EXERCISE DATA:
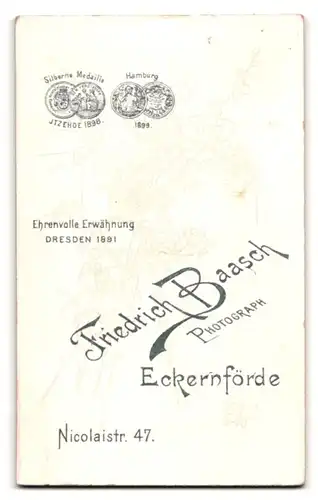 Fotografie Friedrich Baasch, Eckernförde, Nicolaistr. 47, Mariechen mit Halskette im Kleid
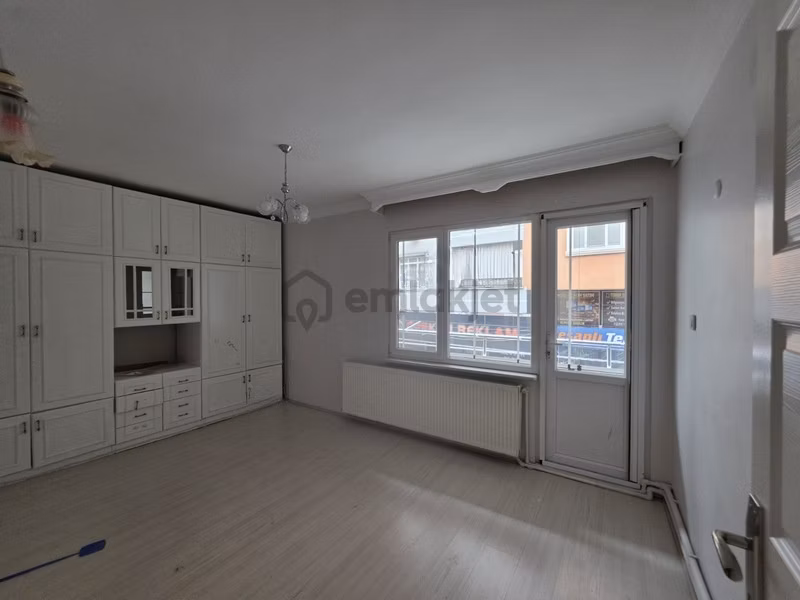 Bursa Emlak Alem-i Merkezde Kiralık 2+1 90 M2 Daire - 3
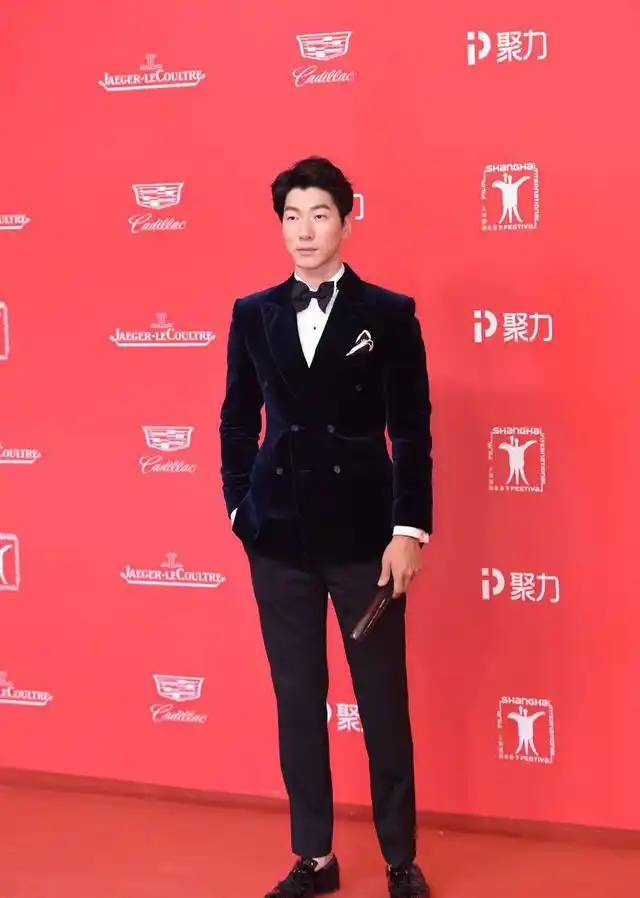 "也有网友表示:"有点辣眼睛.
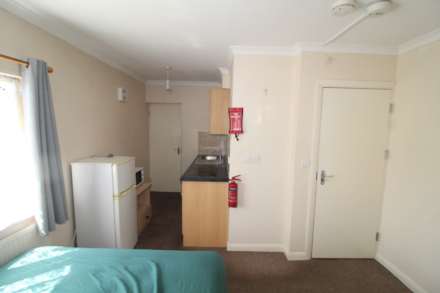 Property For Rent Great West Road, Hounslow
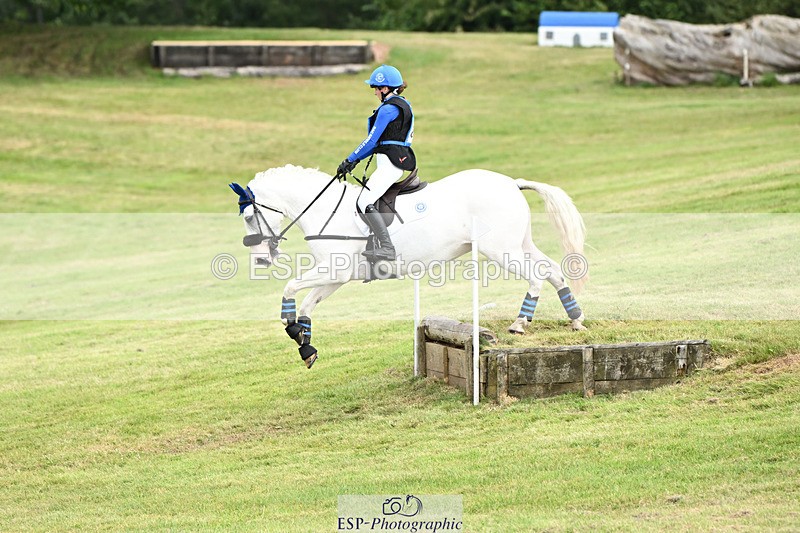 240825X-141211-34947 - 80cm XC 14.30 to 15.30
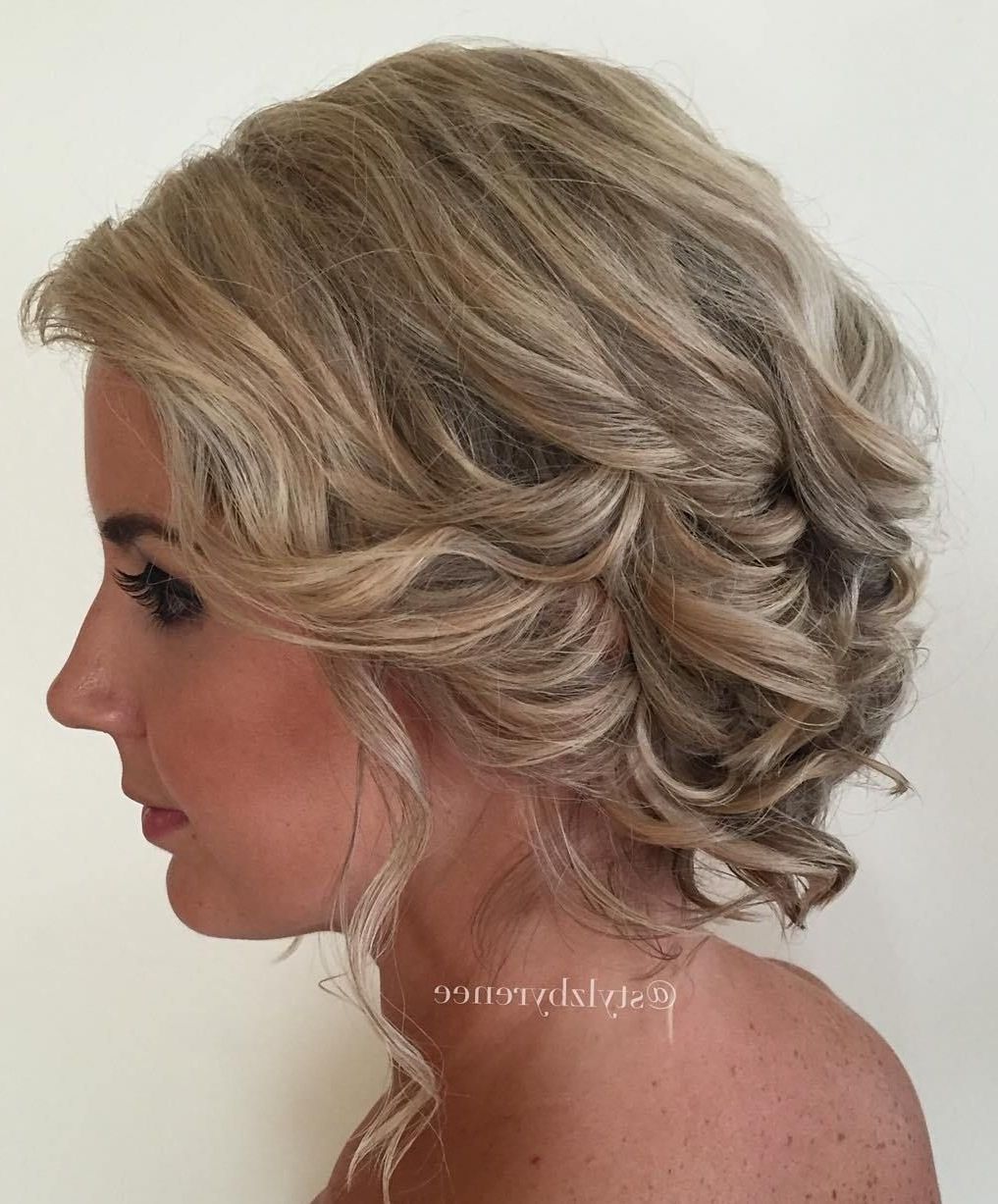 40 Best Short Wedding Hairstyles That Make You Say “wow!” | Updo Inside Wedding Hairstyles For Short Hair Updos (View 13 of 15)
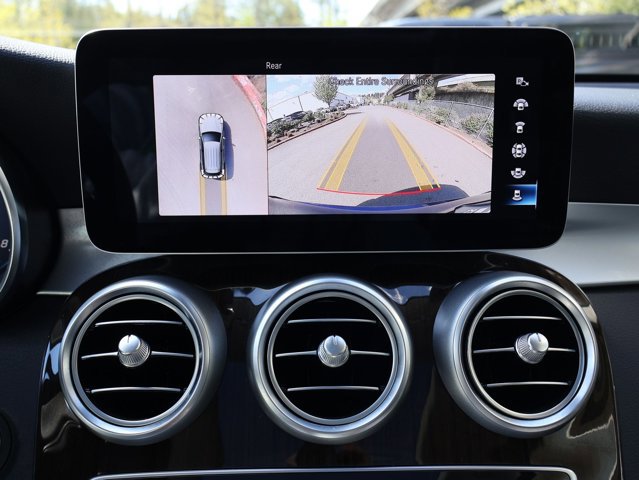 Used 2021 Mercedes-Benz GLC 300 4MATIC image 18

ACTIVITY: Take the line containing "Property For Rent Great West Road, Hounslow" as the first line and the last line of the data above as the final one, and output exactly the lines between them, inclusive, with no pictures.

EXERCISE SOLUTION:
 Property For Rent Great West Road, Hounslow
 240825X-141211-34947 - 80cm XC 14.30 to 15.30
 40 Best Short Wedding Hairstyles That Make You Say “wow!” | Updo Inside Wedding Hairstyles For Short Hair Updos (View 13 of 15)
 Used 2021 Mercedes-Benz GLC 300 4MATIC image 18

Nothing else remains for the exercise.